Fearing for his life, the thirty-seven-year-old Putin begged Moscow to do what Moscow had always done in the face of popular uprisings: send in military reinforcements. The reinforcements never came. “Moscow is silent,” is the response he received from a fellow officer. As he and his comrades tensely watched democratic forces sweep across Europe, he experienced first-hand the failure of a weakened Soviet empire to protect its own citizens abroad.
That night, perhaps more than any moment, was the initial catalyst for Putin’s extreme sensitivity to the perceived existential threat facing Russians in a post-Soviet world.
Given Russia’s past and Putin’s biography, then, his need to assert Russian strength in a hostile world makes perfect sense. No wonder he once called the fall of the Soviet Union “a major geopolitical disaster of the century,” going on to say that, “as for the Russian nation, it became a genuine drama. Tens of millions of our co-citizens and compatriots found themselves outside Russian territory. Moreover, the epidemic of disintegration infected Russia itself.”

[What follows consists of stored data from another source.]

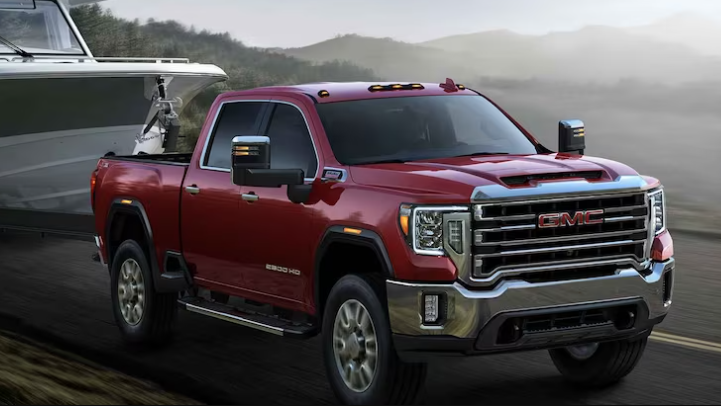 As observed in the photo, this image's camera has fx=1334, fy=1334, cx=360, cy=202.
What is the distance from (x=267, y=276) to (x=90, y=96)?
348 inches

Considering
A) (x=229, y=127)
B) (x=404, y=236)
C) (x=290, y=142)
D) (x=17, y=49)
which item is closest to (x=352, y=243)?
(x=404, y=236)

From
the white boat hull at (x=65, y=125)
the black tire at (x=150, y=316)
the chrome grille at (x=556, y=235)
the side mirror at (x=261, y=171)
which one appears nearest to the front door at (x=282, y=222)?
the side mirror at (x=261, y=171)

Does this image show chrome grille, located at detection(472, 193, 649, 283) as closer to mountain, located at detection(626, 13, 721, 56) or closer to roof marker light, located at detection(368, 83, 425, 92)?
roof marker light, located at detection(368, 83, 425, 92)

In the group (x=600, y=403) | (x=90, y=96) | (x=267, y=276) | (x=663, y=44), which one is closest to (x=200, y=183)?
(x=267, y=276)

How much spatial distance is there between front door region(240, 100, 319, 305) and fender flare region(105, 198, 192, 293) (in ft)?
3.33

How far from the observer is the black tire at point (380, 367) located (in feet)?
23.3

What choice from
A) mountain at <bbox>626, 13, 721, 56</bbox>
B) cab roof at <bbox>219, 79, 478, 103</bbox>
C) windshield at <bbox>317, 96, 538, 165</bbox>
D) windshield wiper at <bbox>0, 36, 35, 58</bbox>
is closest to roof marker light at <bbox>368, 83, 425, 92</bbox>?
cab roof at <bbox>219, 79, 478, 103</bbox>

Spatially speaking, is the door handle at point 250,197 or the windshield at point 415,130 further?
the door handle at point 250,197

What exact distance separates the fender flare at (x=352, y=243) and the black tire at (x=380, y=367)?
0.56 ft

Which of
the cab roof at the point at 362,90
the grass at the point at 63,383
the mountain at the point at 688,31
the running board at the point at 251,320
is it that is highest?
the cab roof at the point at 362,90

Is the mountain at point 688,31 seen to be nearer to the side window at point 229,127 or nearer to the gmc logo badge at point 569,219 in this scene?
the side window at point 229,127

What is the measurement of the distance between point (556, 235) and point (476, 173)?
21.6 inches

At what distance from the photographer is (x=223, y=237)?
8.97m

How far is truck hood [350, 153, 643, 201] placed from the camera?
7.08 m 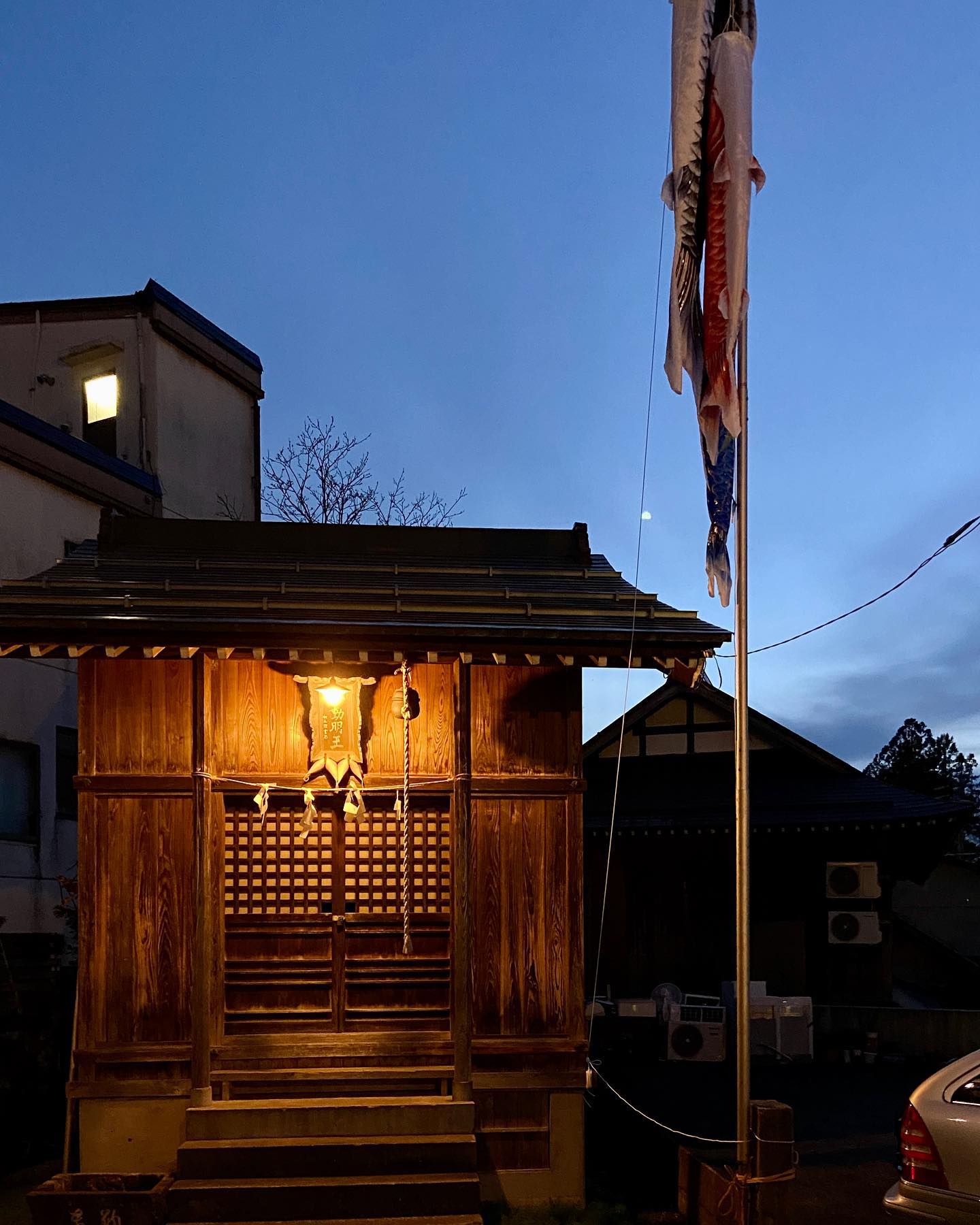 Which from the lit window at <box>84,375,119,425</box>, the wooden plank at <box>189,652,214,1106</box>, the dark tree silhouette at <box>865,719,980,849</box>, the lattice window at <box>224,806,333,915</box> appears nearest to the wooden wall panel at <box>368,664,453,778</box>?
the lattice window at <box>224,806,333,915</box>

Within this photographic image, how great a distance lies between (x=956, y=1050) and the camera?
1675 cm

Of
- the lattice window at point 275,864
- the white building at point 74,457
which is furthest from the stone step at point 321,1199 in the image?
the white building at point 74,457

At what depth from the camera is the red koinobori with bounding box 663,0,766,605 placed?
7.00m

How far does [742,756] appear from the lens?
7176 millimetres

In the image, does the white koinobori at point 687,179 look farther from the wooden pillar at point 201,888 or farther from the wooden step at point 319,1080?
the wooden step at point 319,1080

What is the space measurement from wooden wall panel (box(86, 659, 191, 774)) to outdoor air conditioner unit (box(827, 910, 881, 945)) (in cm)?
1422

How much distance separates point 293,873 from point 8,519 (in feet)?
32.3

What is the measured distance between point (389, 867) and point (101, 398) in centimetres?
1604

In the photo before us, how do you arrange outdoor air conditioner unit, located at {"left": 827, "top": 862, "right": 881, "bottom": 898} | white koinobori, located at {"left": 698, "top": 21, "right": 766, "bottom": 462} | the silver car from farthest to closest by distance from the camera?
outdoor air conditioner unit, located at {"left": 827, "top": 862, "right": 881, "bottom": 898} → white koinobori, located at {"left": 698, "top": 21, "right": 766, "bottom": 462} → the silver car

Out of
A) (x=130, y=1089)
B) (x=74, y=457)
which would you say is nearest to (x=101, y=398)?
(x=74, y=457)

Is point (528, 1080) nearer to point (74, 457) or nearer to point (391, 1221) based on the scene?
point (391, 1221)

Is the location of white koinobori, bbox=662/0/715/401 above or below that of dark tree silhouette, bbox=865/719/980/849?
above

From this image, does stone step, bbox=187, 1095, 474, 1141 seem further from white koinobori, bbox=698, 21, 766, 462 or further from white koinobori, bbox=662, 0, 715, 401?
white koinobori, bbox=662, 0, 715, 401

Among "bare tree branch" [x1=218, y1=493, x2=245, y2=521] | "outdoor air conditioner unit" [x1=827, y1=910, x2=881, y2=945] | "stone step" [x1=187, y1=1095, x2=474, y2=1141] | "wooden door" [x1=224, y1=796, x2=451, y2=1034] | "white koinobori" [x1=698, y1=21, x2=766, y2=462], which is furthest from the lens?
"bare tree branch" [x1=218, y1=493, x2=245, y2=521] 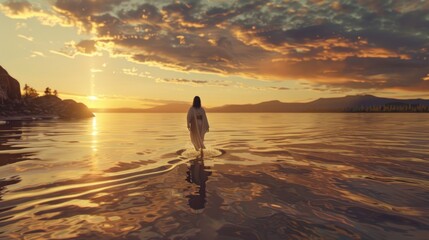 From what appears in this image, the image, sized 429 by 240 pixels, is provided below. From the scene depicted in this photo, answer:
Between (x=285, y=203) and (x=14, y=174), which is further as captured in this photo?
(x=14, y=174)

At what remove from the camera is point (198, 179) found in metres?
9.41

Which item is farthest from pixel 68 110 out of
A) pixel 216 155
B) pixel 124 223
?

For the rest of his career, Putin would play the role of savior of his people by ridding Russia of the infection eating away at the country from within—corruption and economic turmoil that he insists are caused by the West—and threatening millions of Russian citizens abroad.
To call Putin’s actions right now unhinged is to misunderstand the psychology of both the man and the country he leads. In his world view, shelling Ukrainian civilians and instituting something akin to martial law at home are rational, necessary steps he must take to protect his people, re-establish hegemony, and lead Russia to victory in her perennial battle against the West.
And that battle, alas, can be traced back to the writings of Dostoyevsky, even if Putin has taken the nineteenth-century author’s nationalism to a whole new, virulent level unimagined by the writer.
Yet ideas tend to take on a life of their own, and Dostoyevsky, alas, has helped inspire the fervent, messianic nationalism that Putin has so effectively adopted in service of bloodier goals.